Issuers have more options available to them now in both the tax-exempt and taxable parts of the municipal market.

And there are more products to choose from, particularly those allowing borrowers to tap the short-end of the market while minimizing risk, such as through direct purchases.

But challenges await in 2013 for the short-term sector. Foremost among them are Basel III bank liquidity requirements and Dodd-Frank documentation and record-keeping responsibilities.

That was the message Wednesday from a panel at The Bond Buyer’s third annual 501(c)3 Conference on Healthcare, Higher Education and Cultural Institutions in New York City.

Basel III bank liquidity and regulatory requirements will affect the pricing and liquidity of the short-term market, said James Lansing, managing director, head of credit and debt capital markets, JPMorgan. As part of the Third Basel Accord, banks will be forced to maintain high amounts of cash or Treasuries to have adequate liquid capital on hand, and not otherwise tied up in variable-rate demand obligations.

“It will be an expensive proposition,” he said. “Bank balance sheets have been expanding dramatically.”

Over the past few years, the market has also witnessed more use of direct purchases by issuers, said Norman Coker, chief credit officer, education and nonprofits at U.S. Bank. Government attempts to resuscitate and then stimulate the economy helped expand their use. And it should pick up following the implementation of Basel III, he added.

Among synthetic and conventional vehicles, when comparing swaps with fixed-rate bonds, 501(c)3s have shown an inclination toward irregular synthetic structures, according to Gerri Magie, a vice president at Swap Financial Group. Many, for example, use swaps that are structured from fixed to floating rates, she said.

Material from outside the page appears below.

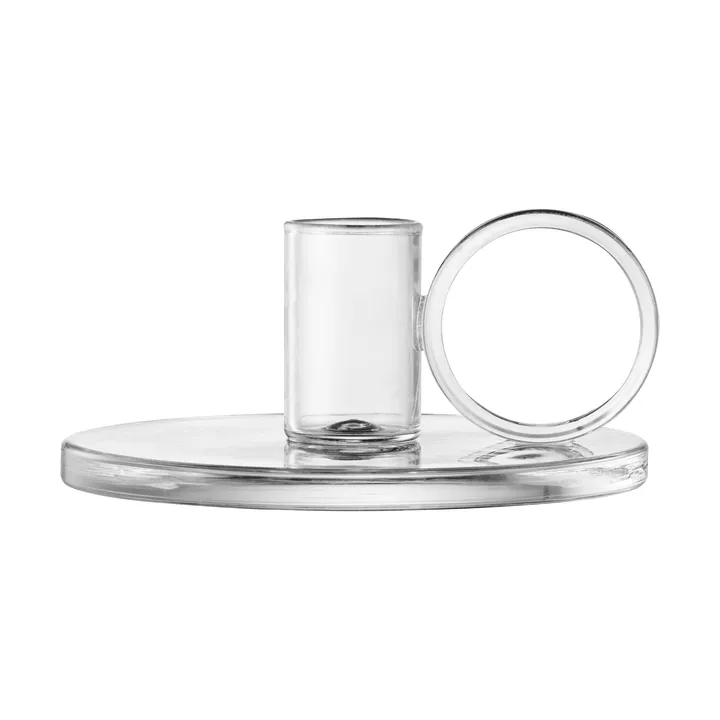 Loop candle holder Ø11 cm - Clear - Muurla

This runs counter to the conventional structures that swap from floating to fixed rates.

Innovations to floating-rate structures — so that they no longer require liquidity support — have increased their popularity, Magie said.

One issuer, Dignity Health, the fifth largest healthcare system in the U.S. with $14 billion in assets, sees more options and products available to it in the public market for financing. The system has used the market to shift its overall strategy as well as expand its acute care network into 17 states.

Some of its primary financing goals, according to Jean Ham, the director of debt management for the system, included diversifying its products in the markets and spreading out the renewal risk on its short-term debt. Two avenues it explored involved using more direct purchases with banks and entering the public taxable market, Ham said. “We’ve diversified our product mix and our bank mix.” Both approaches worked, she added. Issuing taxable debt, for example, gets one to market more rapidly, instead of issuing state-by-state. This is important when considering that Dignity Health is in 17 states, Ham said.

“We’ll do more in the taxable market in the future,” she said. “It provides a lot of flexibility.”

Dignity Health also plans to look for more sources of capital and participate in more joint ventures. It also has variable-rate debt backed by letters of credit with a three-year roll. But it is working with its banks to spread out its renewal risk on them.